Local school district and city officials said Wednesday they disagree with the state’s assessment, arguing numerous expenses such as student transportation and school maintenance are exempt from the cap, and similar allocations have been made by Juneau and other districts statewide for decades.
“Educating kids and the district administration, those things are paid for through the formula. And they are subject to the cap,” said state Sen. Jesse Kiehl, a Juneau Democrat who has spent more than two decades as a lawmaker and staff member at the Alaska State Capitol, and seven years on the Juneau Assembly. “Pupil transportation has a different formula. And there’s no cap — it’s a different section of law — the cap doesn’t apply to it. Maintaining school buildings isn’t paid for by the formula at all. And the cap doesn’t apply to Community Schools — that isn’t paid for by the formula at all, not one penny.”
Weed said that while Juneau is the only district to receive such a letter so far, similar letters stating the department’s position on “outside the cap” funding are being prepared to send to all other districts in the state, whether they are in violation or not.
“If they want to roll forward with this it won’t just be Juneau that will want to challenge it,” Juneau Board of Education President Deedie Sorensen said Wednesday. “I’m sure that municipal governments across the state will challenge it.”
The letter to the district coincides with the school board’s recent cut of about $760,000 in spending from its budget for the current fiscal year, including cutting two staff positions, as a result of Gov. Mike Dunleavy vetoing half of an increase in education funding approved by the Legislature. The veto left the Juneau School District — and many districts across the state — with major gaps in their budgets.
[Juneau school board makes cuts to cope with vetoed funds, eyes legal challenge to state]

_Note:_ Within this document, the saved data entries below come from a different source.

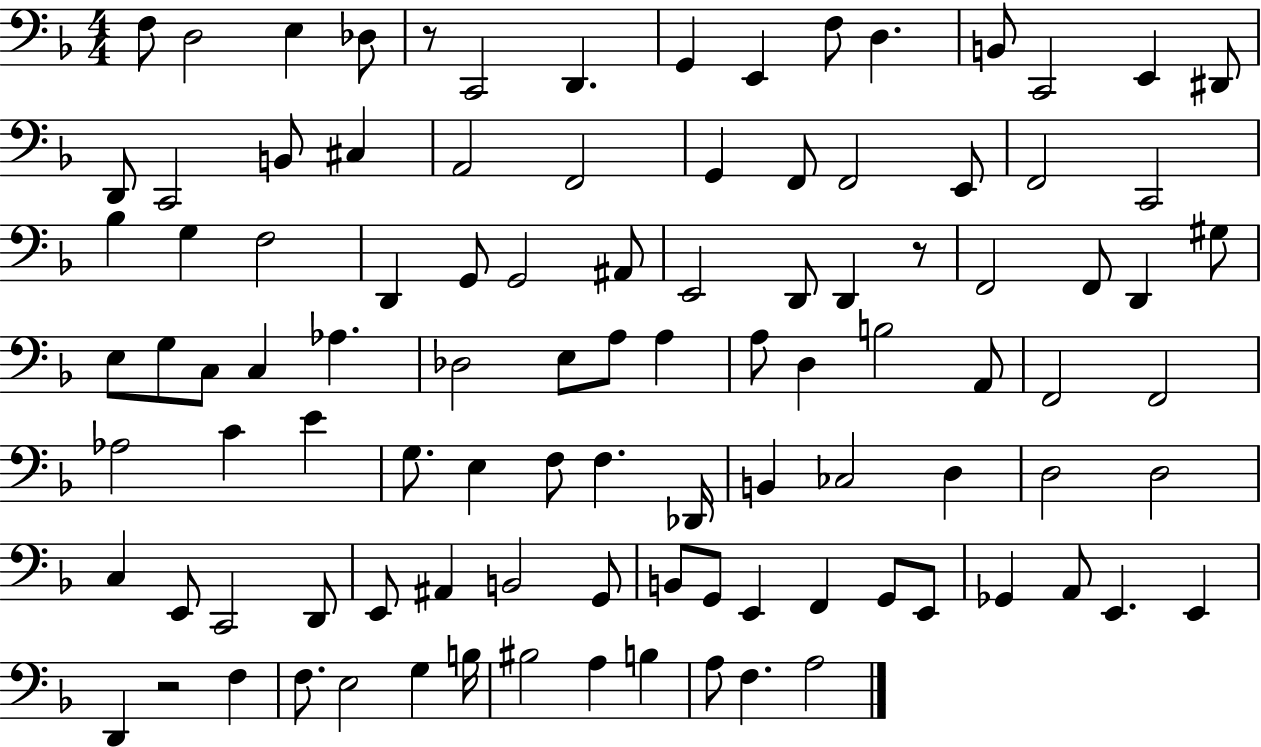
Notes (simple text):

F3/e D3/h E3/q Db3/e R/e C2/h D2/q. G2/q E2/q F3/e D3/q. B2/e C2/h E2/q D#2/e D2/e C2/h B2/e C#3/q A2/h F2/h G2/q F2/e F2/h E2/e F2/h C2/h Bb3/q G3/q F3/h D2/q G2/e G2/h A#2/e E2/h D2/e D2/q R/e F2/h F2/e D2/q G#3/e E3/e G3/e C3/e C3/q Ab3/q. Db3/h E3/e A3/e A3/q A3/e D3/q B3/h A2/e F2/h F2/h Ab3/h C4/q E4/q G3/e. E3/q F3/e F3/q. Db2/s B2/q CES3/h D3/q D3/h D3/h C3/q E2/e C2/h D2/e E2/e A#2/q B2/h G2/e B2/e G2/e E2/q F2/q G2/e E2/e Gb2/q A2/e E2/q. E2/q D2/q R/h F3/q F3/e. E3/h G3/q B3/s BIS3/h A3/q B3/q A3/e F3/q. A3/h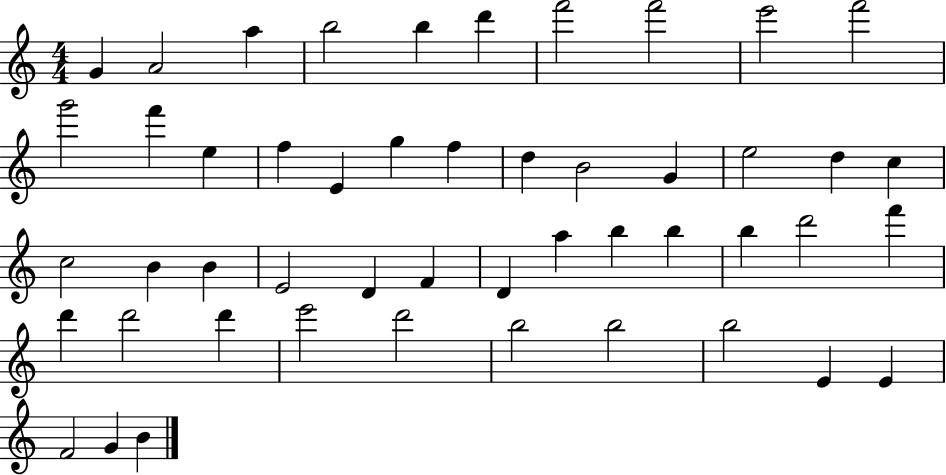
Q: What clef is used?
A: treble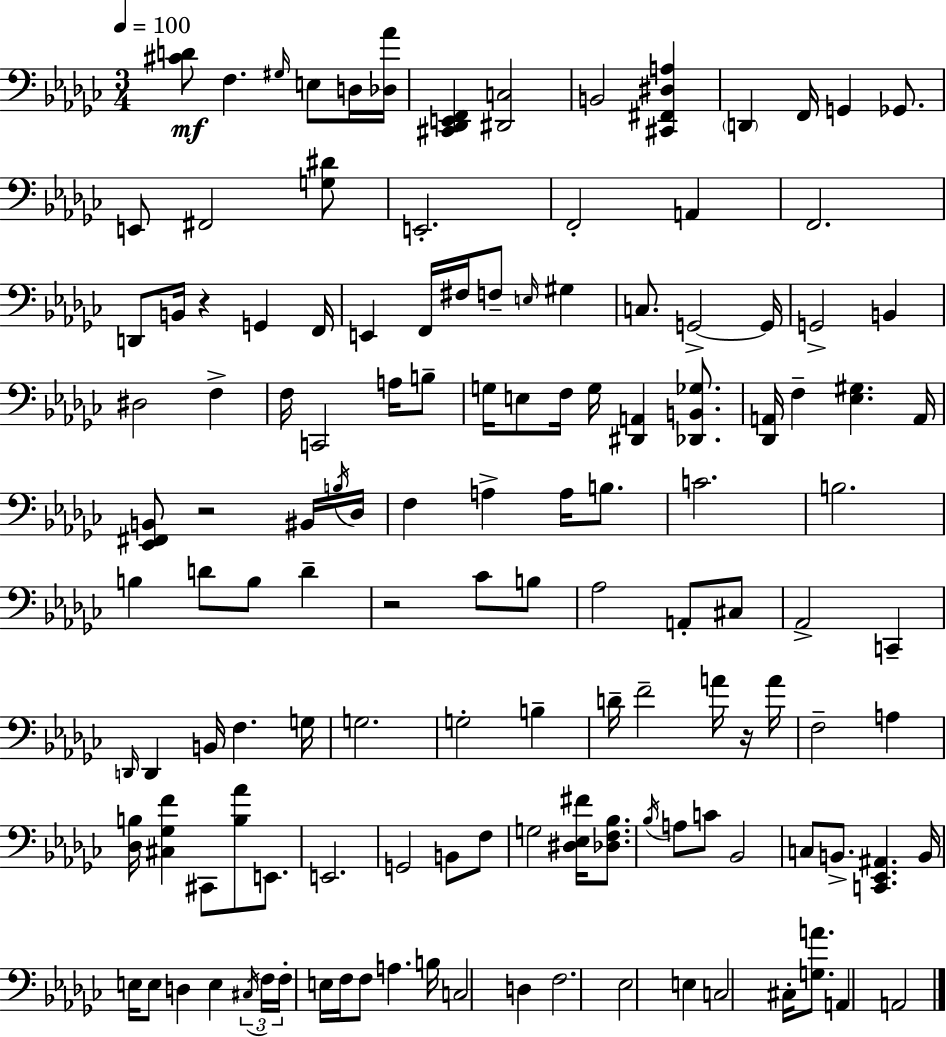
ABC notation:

X:1
T:Untitled
M:3/4
L:1/4
K:Ebm
[^CD]/2 F, ^G,/4 E,/2 D,/4 [_D,_A]/4 [^C,,_D,,E,,F,,] [^D,,C,]2 B,,2 [^C,,^F,,^D,A,] D,, F,,/4 G,, _G,,/2 E,,/2 ^F,,2 [G,^D]/2 E,,2 F,,2 A,, F,,2 D,,/2 B,,/4 z G,, F,,/4 E,, F,,/4 ^F,/4 F,/2 E,/4 ^G, C,/2 G,,2 G,,/4 G,,2 B,, ^D,2 F, F,/4 C,,2 A,/4 B,/2 G,/4 E,/2 F,/4 G,/4 [^D,,A,,] [_D,,B,,_G,]/2 [_D,,A,,]/4 F, [_E,^G,] A,,/4 [_E,,^F,,B,,]/2 z2 ^B,,/4 B,/4 _D,/4 F, A, A,/4 B,/2 C2 B,2 B, D/2 B,/2 D z2 _C/2 B,/2 _A,2 A,,/2 ^C,/2 _A,,2 C,, D,,/4 D,, B,,/4 F, G,/4 G,2 G,2 B, D/4 F2 A/4 z/4 A/4 F,2 A, [_D,B,]/4 [^C,_G,F] ^C,,/2 [B,_A]/2 E,,/2 E,,2 G,,2 B,,/2 F,/2 G,2 [^D,_E,^F]/4 [_D,F,_B,]/2 _B,/4 A,/2 C/2 _B,,2 C,/2 B,,/2 [C,,_E,,^A,,] B,,/4 E,/4 E,/2 D, E, ^C,/4 F,/4 F,/4 E,/4 F,/4 F,/2 A, B,/4 C,2 D, F,2 _E,2 E, C,2 ^C,/4 [G,A]/2 A,, A,,2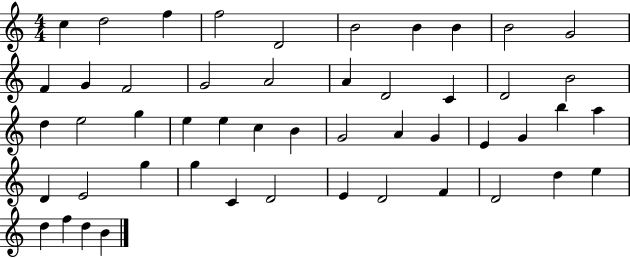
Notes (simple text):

C5/q D5/h F5/q F5/h D4/h B4/h B4/q B4/q B4/h G4/h F4/q G4/q F4/h G4/h A4/h A4/q D4/h C4/q D4/h B4/h D5/q E5/h G5/q E5/q E5/q C5/q B4/q G4/h A4/q G4/q E4/q G4/q B5/q A5/q D4/q E4/h G5/q G5/q C4/q D4/h E4/q D4/h F4/q D4/h D5/q E5/q D5/q F5/q D5/q B4/q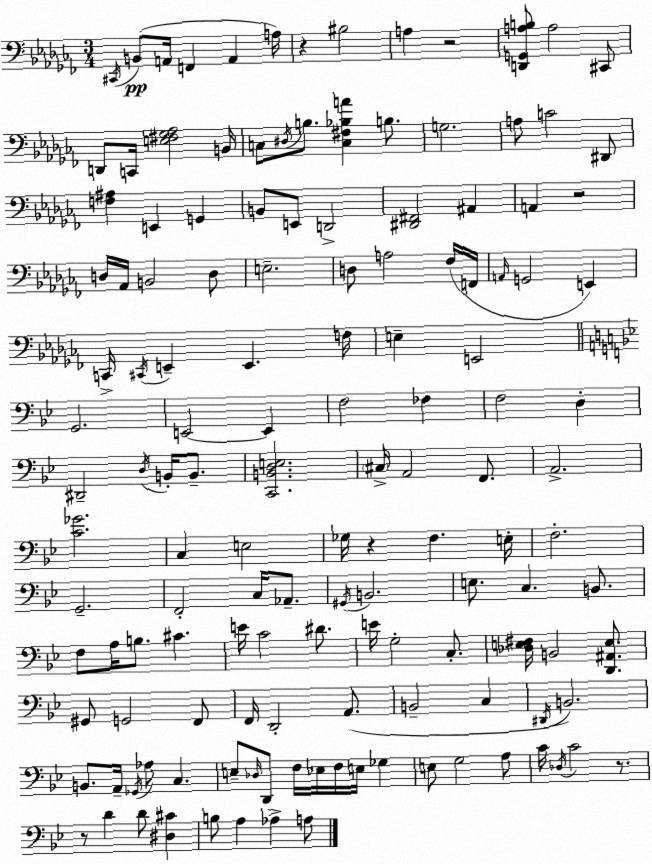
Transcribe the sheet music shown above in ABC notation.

X:1
T:Untitled
M:3/4
L:1/4
K:Abm
^C,,/4 B,,/2 A,,/4 F,, A,, A,/4 z ^B,2 A, z2 [D,,G,,A,B,]/2 A,2 ^C,,/2 D,,/2 C,,/4 [E,^F,_G,_A,]2 B,,/4 C,/2 ^D,/4 B,/2 [C,^F,_B,A] B,/2 G,2 A,/2 C2 ^D,,/2 [F,^A,] E,, G,, B,,/2 E,,/2 D,,2 [^D,,^F,,]2 ^A,, A,, z2 D,/4 _A,,/4 B,,2 D,/2 E,2 D,/2 A,2 _F,/4 F,,/4 A,,/4 G,,2 E,, C,,/4 ^C,,/4 E,, E,, F,/4 E, E,,2 G,,2 E,,2 E,, F,2 _F, F,2 D, ^D,,2 D,/4 B,,/4 B,,/2 [C,,B,,D,E,]2 ^C,/4 A,,2 F,,/2 A,,2 [C_G]2 C, E,2 _G,/4 z F, E,/4 F,2 G,,2 F,,2 C,/4 _A,,/2 ^G,,/4 B,,2 E,/2 C, B,,/2 F,/2 A,/4 B,/2 ^C E/4 C2 ^D/2 E/4 G,2 C,/2 [_D,E,^F,]/4 B,,2 [D,,^A,,E,]/2 ^G,,/2 G,,2 F,,/2 F,,/4 D,,2 A,,/2 B,,2 C, ^D,,/4 B,,2 B,,/2 A,,/4 _G,,/4 _A,/2 C, E,/2 _D,/4 D,,/2 F,/4 _E,/4 F,/4 E,/4 _G, E,/2 G,2 A,/2 C/4 _D,/4 C2 z/2 z/2 D D/2 [^D,^C] B,/2 A, _A, A,/2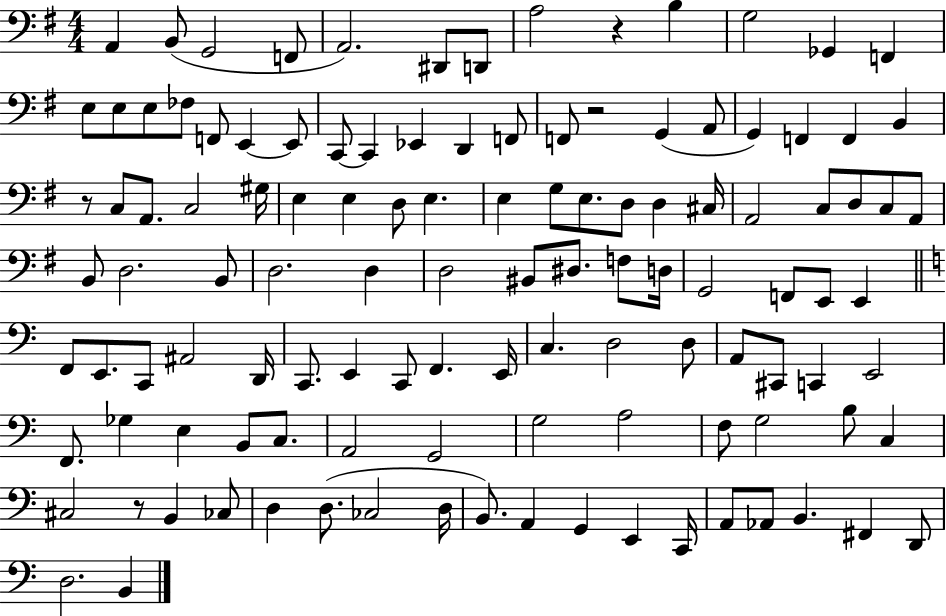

“This looks just like one more attack on school funding,” Sorensen said.
City Manager Rorie Watt said the potential loss of the $2.28 million to the district’s $95 million budget would cause a major disruption to the district’s already bare-boned spending plan.
“It’s such a big piece of the district’s budget and if they have to forgo this amount of funding it’s going to have impacts to their operations,” he said. “I think there is a bigger question here, which is ‘What happens in other school districts?’ I think this is the start of something big.”
Watt said if the district can’t successfully challenge the state’s position, the Juneau Assembly will have to rescind the $2.28 million in funding.
Sorenson said school board officials, who discussed the state’s letter during an executive session Tuesday evening, aren’t yet considering the impact of losing those funds.
“I’m not going to prepare for an eventuality that I think is unlikely,” she said. “The aggravation factor I think across the state is going to be huge.”
Sherri Layne, acting municipal attorney for CBJ, said the city law department is waiting to hear what direction the school board wants to take in response to the letter before any action is taken.
“I think that if it’s non-instructional funding, then DEED is incorrect — but we don’t have enough information to determine what they have a problem with yet,” Layne said. “It may very well be a situation where it ends up in court, but I think it’s way too soon to know that yet.”
The Juneau Assembly is expected to receive an update regarding the letter at its upcoming Committee of the Whole meeting Monday evening.